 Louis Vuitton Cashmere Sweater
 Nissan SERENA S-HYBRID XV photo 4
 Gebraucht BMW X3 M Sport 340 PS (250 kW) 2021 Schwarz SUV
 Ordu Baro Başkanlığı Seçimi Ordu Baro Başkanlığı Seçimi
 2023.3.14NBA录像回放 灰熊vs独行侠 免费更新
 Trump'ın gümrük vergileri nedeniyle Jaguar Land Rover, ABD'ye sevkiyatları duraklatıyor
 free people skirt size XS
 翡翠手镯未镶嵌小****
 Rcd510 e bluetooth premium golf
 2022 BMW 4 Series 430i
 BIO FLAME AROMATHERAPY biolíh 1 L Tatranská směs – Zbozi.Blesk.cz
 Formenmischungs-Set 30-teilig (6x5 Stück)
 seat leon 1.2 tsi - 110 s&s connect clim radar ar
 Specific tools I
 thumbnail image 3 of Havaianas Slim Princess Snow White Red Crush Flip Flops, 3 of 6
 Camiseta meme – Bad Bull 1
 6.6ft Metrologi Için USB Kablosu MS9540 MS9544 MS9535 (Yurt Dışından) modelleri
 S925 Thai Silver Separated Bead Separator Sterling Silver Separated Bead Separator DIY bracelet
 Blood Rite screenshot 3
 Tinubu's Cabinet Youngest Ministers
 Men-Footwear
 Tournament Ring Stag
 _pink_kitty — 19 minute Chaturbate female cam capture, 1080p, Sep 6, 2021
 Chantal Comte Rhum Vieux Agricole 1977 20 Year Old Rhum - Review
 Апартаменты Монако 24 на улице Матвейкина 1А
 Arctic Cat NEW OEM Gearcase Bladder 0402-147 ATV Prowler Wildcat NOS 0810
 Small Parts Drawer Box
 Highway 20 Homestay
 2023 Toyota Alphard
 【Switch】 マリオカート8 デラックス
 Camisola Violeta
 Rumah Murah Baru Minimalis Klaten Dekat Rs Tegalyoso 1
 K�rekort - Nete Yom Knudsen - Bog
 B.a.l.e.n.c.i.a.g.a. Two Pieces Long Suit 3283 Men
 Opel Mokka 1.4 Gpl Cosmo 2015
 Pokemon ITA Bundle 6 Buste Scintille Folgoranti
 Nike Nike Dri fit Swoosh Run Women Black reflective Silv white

## Task brief
Please restate the material above, word for word and in full.

## Finished exercise
 Louis Vuitton Cashmere Sweater
 Nissan SERENA S-HYBRID XV photo 4
 Gebraucht BMW X3 M Sport 340 PS (250 kW) 2021 Schwarz SUV
 Ordu Baro Başkanlığı Seçimi Ordu Baro Başkanlığı Seçimi
 2023.3.14NBA录像回放 灰熊vs独行侠 免费更新
 Trump'ın gümrük vergileri nedeniyle Jaguar Land Rover, ABD'ye sevkiyatları duraklatıyor
 free people skirt size XS
 翡翠手镯未镶嵌小****
 Rcd510 e bluetooth premium golf
 2022 BMW 4 Series 430i
 BIO FLAME AROMATHERAPY biolíh 1 L Tatranská směs – Zbozi.Blesk.cz
 Formenmischungs-Set 30-teilig (6x5 Stück)
 seat leon 1.2 tsi - 110 s&s connect clim radar ar
 Specific tools I
 thumbnail image 3 of Havaianas Slim Princess Snow White Red Crush Flip Flops, 3 of 6
 Camiseta meme – Bad Bull 1
 6.6ft Metrologi Için USB Kablosu MS9540 MS9544 MS9535 (Yurt Dışından) modelleri
 S925 Thai Silver Separated Bead Separator Sterling Silver Separated Bead Separator DIY bracelet
 Blood Rite screenshot 3
 Tinubu's Cabinet Youngest Ministers
 Men-Footwear
 Tournament Ring Stag
 _pink_kitty — 19 minute Chaturbate female cam capture, 1080p, Sep 6, 2021
 Chantal Comte Rhum Vieux Agricole 1977 20 Year Old Rhum - Review
 Апартаменты Монако 24 на улице Матвейкина 1А
 Arctic Cat NEW OEM Gearcase Bladder 0402-147 ATV Prowler Wildcat NOS 0810
 Small Parts Drawer Box
 Highway 20 Homestay
 2023 Toyota Alphard
 【Switch】 マリオカート8 デラックス
 Camisola Violeta
 Rumah Murah Baru Minimalis Klaten Dekat Rs Tegalyoso 1
 K�rekort - Nete Yom Knudsen - Bog
 B.a.l.e.n.c.i.a.g.a. Two Pieces Long Suit 3283 Men
 Opel Mokka 1.4 Gpl Cosmo 2015
 Pokemon ITA Bundle 6 Buste Scintille Folgoranti
 Nike Nike Dri fit Swoosh Run Women Black reflective Silv white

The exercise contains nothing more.